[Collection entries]
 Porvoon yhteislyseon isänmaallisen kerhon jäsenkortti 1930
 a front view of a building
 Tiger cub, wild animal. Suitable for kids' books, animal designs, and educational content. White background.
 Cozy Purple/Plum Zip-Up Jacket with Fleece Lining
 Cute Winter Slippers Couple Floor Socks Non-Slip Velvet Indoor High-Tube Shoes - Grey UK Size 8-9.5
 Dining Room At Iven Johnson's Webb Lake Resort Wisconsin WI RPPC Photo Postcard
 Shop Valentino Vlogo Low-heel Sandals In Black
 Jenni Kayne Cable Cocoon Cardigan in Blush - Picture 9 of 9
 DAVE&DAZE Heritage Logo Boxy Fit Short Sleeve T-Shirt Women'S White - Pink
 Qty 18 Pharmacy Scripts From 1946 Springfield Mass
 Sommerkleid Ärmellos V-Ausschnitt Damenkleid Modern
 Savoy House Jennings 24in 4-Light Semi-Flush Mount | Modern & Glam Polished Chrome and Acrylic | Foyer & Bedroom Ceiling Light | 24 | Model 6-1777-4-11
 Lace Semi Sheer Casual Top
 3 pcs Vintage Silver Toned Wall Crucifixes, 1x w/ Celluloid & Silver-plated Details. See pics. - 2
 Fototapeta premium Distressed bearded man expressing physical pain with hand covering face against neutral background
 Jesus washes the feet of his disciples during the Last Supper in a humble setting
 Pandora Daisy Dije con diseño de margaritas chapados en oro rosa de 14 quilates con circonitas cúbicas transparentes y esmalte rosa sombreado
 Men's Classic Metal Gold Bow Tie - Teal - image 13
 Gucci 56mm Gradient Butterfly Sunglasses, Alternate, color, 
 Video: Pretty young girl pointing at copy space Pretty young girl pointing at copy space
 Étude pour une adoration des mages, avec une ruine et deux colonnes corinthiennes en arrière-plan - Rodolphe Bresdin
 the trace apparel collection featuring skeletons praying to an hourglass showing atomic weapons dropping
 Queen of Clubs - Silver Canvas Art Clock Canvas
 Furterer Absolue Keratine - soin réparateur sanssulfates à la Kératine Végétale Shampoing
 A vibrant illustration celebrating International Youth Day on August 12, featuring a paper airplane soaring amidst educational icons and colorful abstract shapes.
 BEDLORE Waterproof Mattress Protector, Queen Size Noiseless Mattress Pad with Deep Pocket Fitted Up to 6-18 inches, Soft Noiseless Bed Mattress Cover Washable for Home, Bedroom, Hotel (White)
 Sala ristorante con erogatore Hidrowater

**Requirement:** Output the entire set of records exactly as shown.

**Exercise output:**
 Porvoon yhteislyseon isänmaallisen kerhon jäsenkortti 1930
 a front view of a building
 Tiger cub, wild animal. Suitable for kids' books, animal designs, and educational content. White background.
 Cozy Purple/Plum Zip-Up Jacket with Fleece Lining
 Cute Winter Slippers Couple Floor Socks Non-Slip Velvet Indoor High-Tube Shoes - Grey UK Size 8-9.5
 Dining Room At Iven Johnson's Webb Lake Resort Wisconsin WI RPPC Photo Postcard
 Shop Valentino Vlogo Low-heel Sandals In Black
 Jenni Kayne Cable Cocoon Cardigan in Blush - Picture 9 of 9
 DAVE&DAZE Heritage Logo Boxy Fit Short Sleeve T-Shirt Women'S White - Pink
 Qty 18 Pharmacy Scripts From 1946 Springfield Mass
 Sommerkleid Ärmellos V-Ausschnitt Damenkleid Modern
 Savoy House Jennings 24in 4-Light Semi-Flush Mount | Modern & Glam Polished Chrome and Acrylic | Foyer & Bedroom Ceiling Light | 24 | Model 6-1777-4-11
 Lace Semi Sheer Casual Top
 3 pcs Vintage Silver Toned Wall Crucifixes, 1x w/ Celluloid & Silver-plated Details. See pics. - 2
 Fototapeta premium Distressed bearded man expressing physical pain with hand covering face against neutral background
 Jesus washes the feet of his disciples during the Last Supper in a humble setting
 Pandora Daisy Dije con diseño de margaritas chapados en oro rosa de 14 quilates con circonitas cúbicas transparentes y esmalte rosa sombreado
 Men's Classic Metal Gold Bow Tie - Teal - image 13
 Gucci 56mm Gradient Butterfly Sunglasses, Alternate, color, 
 Video: Pretty young girl pointing at copy space Pretty young girl pointing at copy space
 Étude pour une adoration des mages, avec une ruine et deux colonnes corinthiennes en arrière-plan - Rodolphe Bresdin
 the trace apparel collection featuring skeletons praying to an hourglass showing atomic weapons dropping
 Queen of Clubs - Silver Canvas Art Clock Canvas
 Furterer Absolue Keratine - soin réparateur sanssulfates à la Kératine Végétale Shampoing
 A vibrant illustration celebrating International Youth Day on August 12, featuring a paper airplane soaring amidst educational icons and colorful abstract shapes.
 BEDLORE Waterproof Mattress Protector, Queen Size Noiseless Mattress Pad with Deep Pocket Fitted Up to 6-18 inches, Soft Noiseless Bed Mattress Cover Washable for Home, Bedroom, Hotel (White)
 Sala ristorante con erogatore Hidrowater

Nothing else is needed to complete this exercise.